Le Parquet national antiterroriste a ouvert une enquête, jeudi, après une conférence de presse de membres armés du FLNC qui dénoncent le projet d’autonomie. Décryptage de notre spécialiste.
“Ne vous considérez pas en sécurité sur notre territoire national” : armes à la main et visages masqués, une quinzaine d’indépendantistes du Front de libération nationale corse (FLNC) ont donné une conférence de presse, dont le compte rendu a été publié mercredi par Corse Matin, dans laquelle ils s’en prennent aux “étrangers” – comprendre les non-Corses – qui arrivent massivement sur l’île chaque année. Une séquence qui a donné lieu, dès jeudi, à l’ouverture d’une enquête préliminaire par le parquet national antiterroriste.
Leur message est clair pour ces derniers : “Restez chez vous”. Les membres du FLNC évoquent le chiffre de 5 000 arrivées par an, et dénoncent la “colonisation de peuplement galopante”.
“Le FLNC n’existe qu’à travers cette image de rebelle encagoulé et armé”
Cette mise en scène martiale, qui rappelle celle utilisée en août 2024 lors d’une séquence médiatique similaire, n’annonce pas pour autant un retour à des actions violentes. Pour Thierry Dominici, maître de conférences en science politique à l’Université de Bordeaux, “le FLNC n’existe qu’à travers cette image de rebelle encagoulé et armé. Ils font cela car cela assied leur crédibilité.”
S’il reconnaît une forme de retour en arrière dans le discours anti “continentaux”, qu’il juge tout de même “moins virulent que dans les années quatre-vingt”, ce n’est pas le principal message à retenir de cette prise de parole, selon le spécialiste
“Ils s’adressent avant tout aux élus corses en dénonçant le processus d’autonomie”

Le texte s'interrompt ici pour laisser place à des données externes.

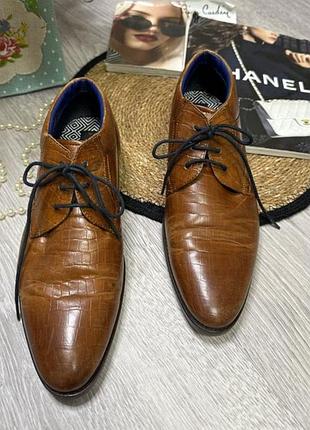 Черевики нлегантне взуття туфлі bugatti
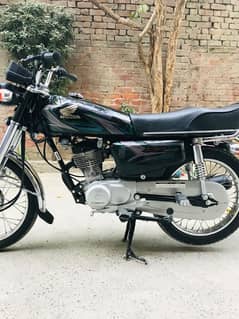 Honda 125   2023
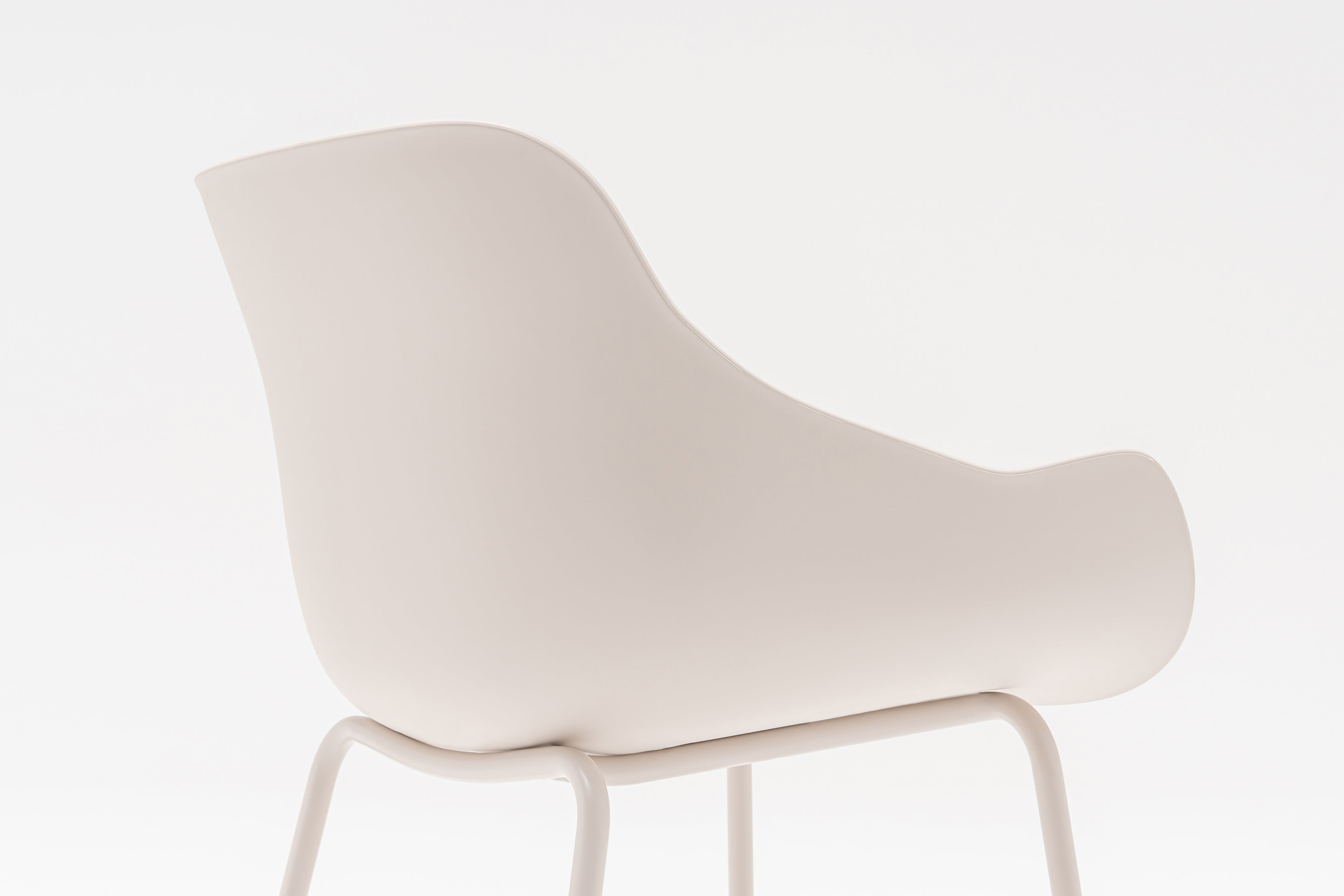 Baltic remix chair metal base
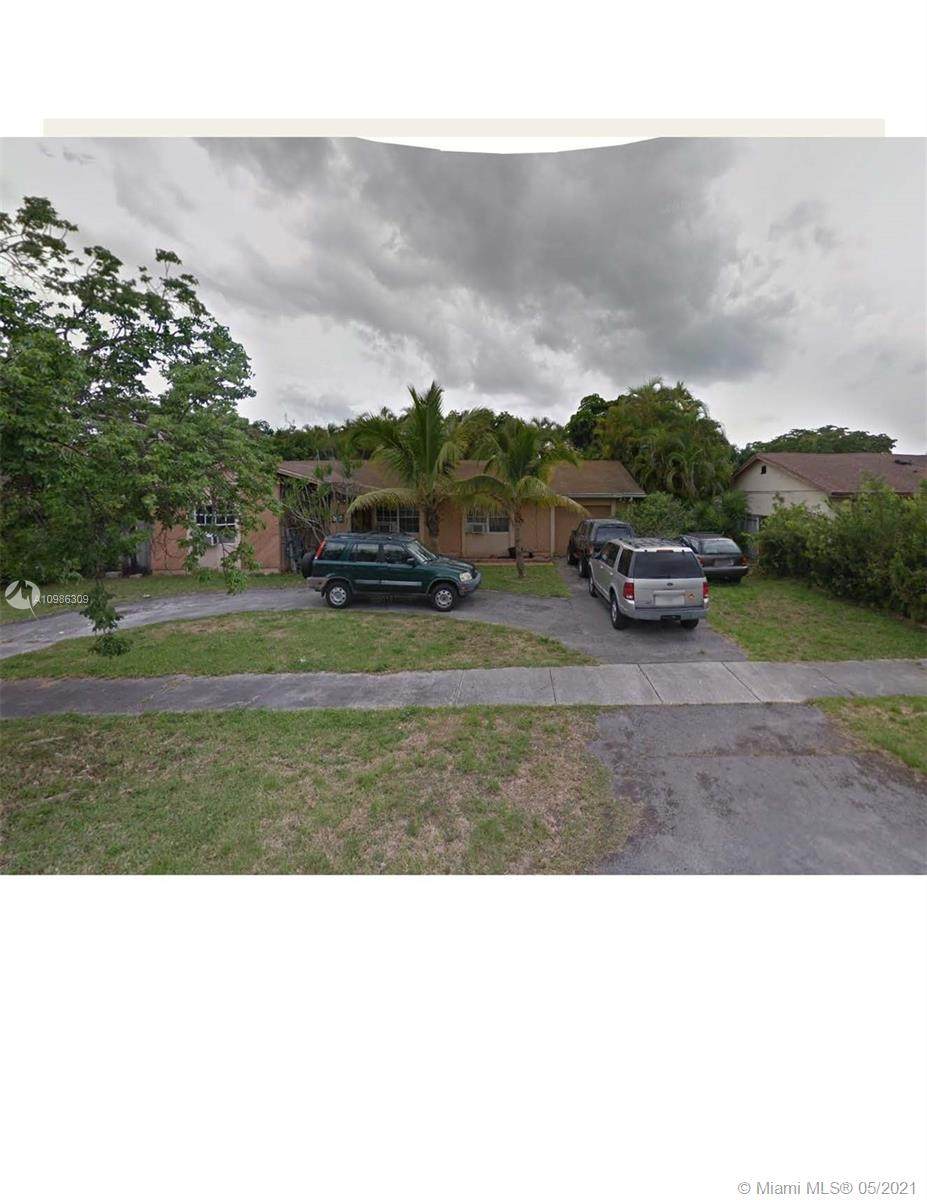 6624 148th Pl - Photo 1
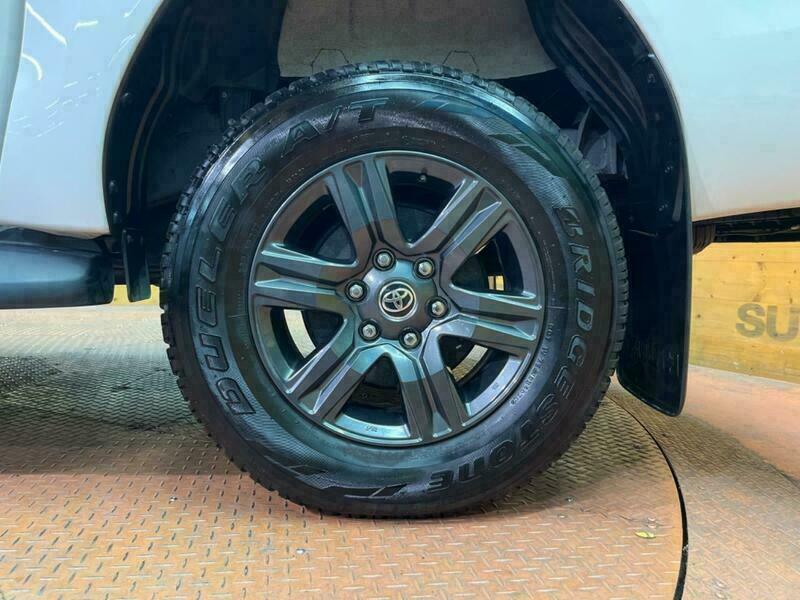 HILUX
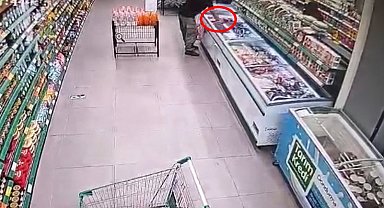 El ele geldikleri marketten kavurma çaldılar; o anlar kamerada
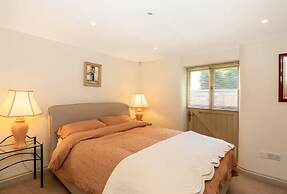 Priory Courtyard - 3 Bedroom Escape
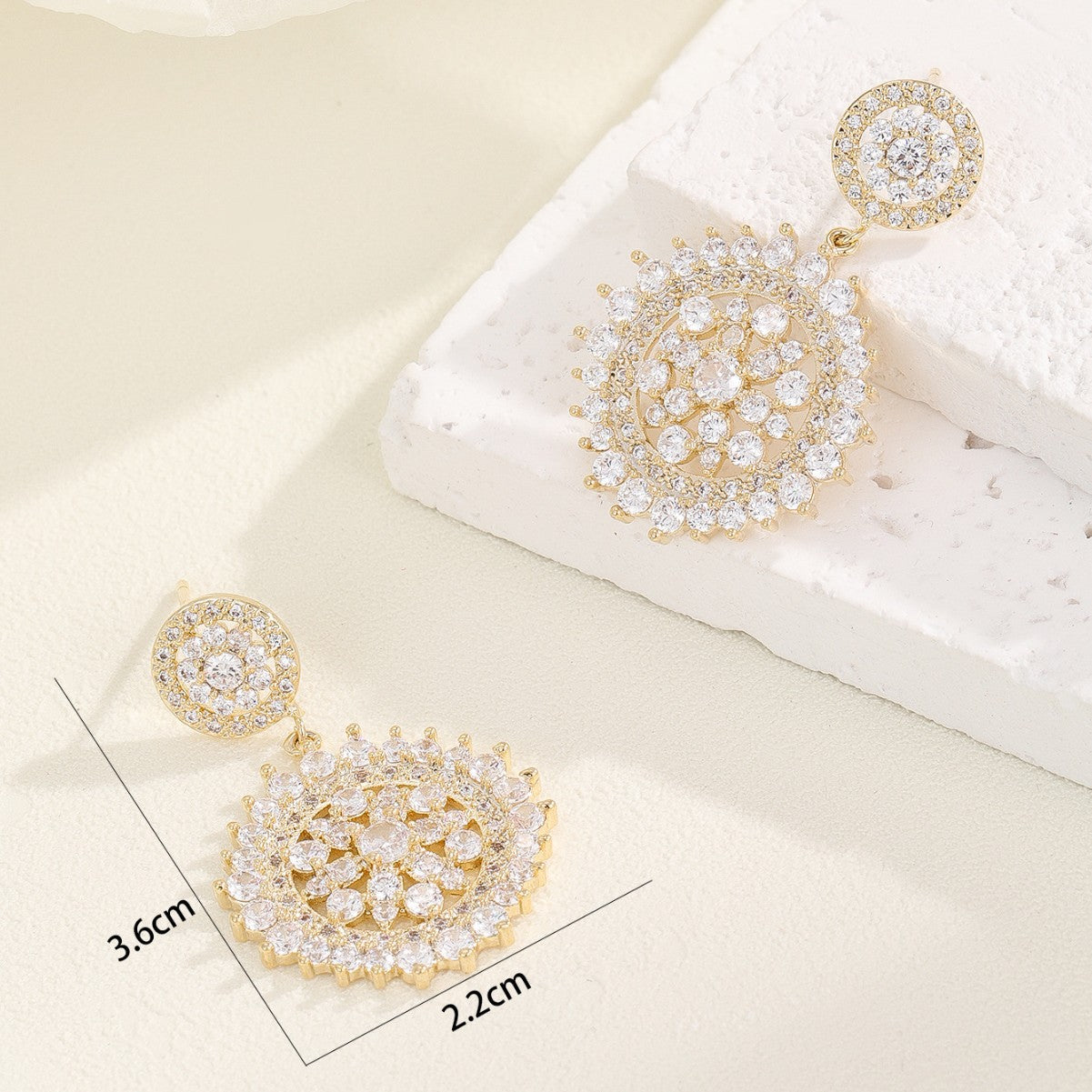 Damen Funkelnde und elegante Ohrringe Shop Nory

“Pour moi, ils s’adressent avant tout aux élus corses en dénonçant le processus d’autonomie qui est actuellement en cours (projet de loi constitutionnelle examiné au Sénat à partir du 21 octobre). Malgré le fort potentiel de décentralisation que pourrait offrir ce nouveau statut, sur le plan du droit, ils le jugent insuffisant car ils voulaient a minima la reconnaissance du peuple corse, qui n’a pourtant aucune valeur juridique en France. En réalité, ils sont déjà dans l’étape d’après, celle de l’indépendance. Le passage à l’autonomie n’a pas grand intérêt pour eux”, estime Thierry
Dominici.
Cette ligne dure ne fait pas forcément l’unanimité sur l’île de Beauté, les Corses étant plus sensibles “lorsque le FLNC parle de spéculation immobilière, ou de soutien aux mouvements sociaux que lorsqu’ils parlent séparation ou étiolement du lien avec la France”. Mais cette fois, c’est autre chose qui se joue : “Depuis que le mouvement autonomiste a pris le dessus en région sur l’indépendantisme, ce courant a été récupéré par l’extrême droite, souligne le spécialiste. Il s’agit désormais pour le FLNC de récupérer la jeunesse indépendantiste qui a rejoint les rangs du RN.”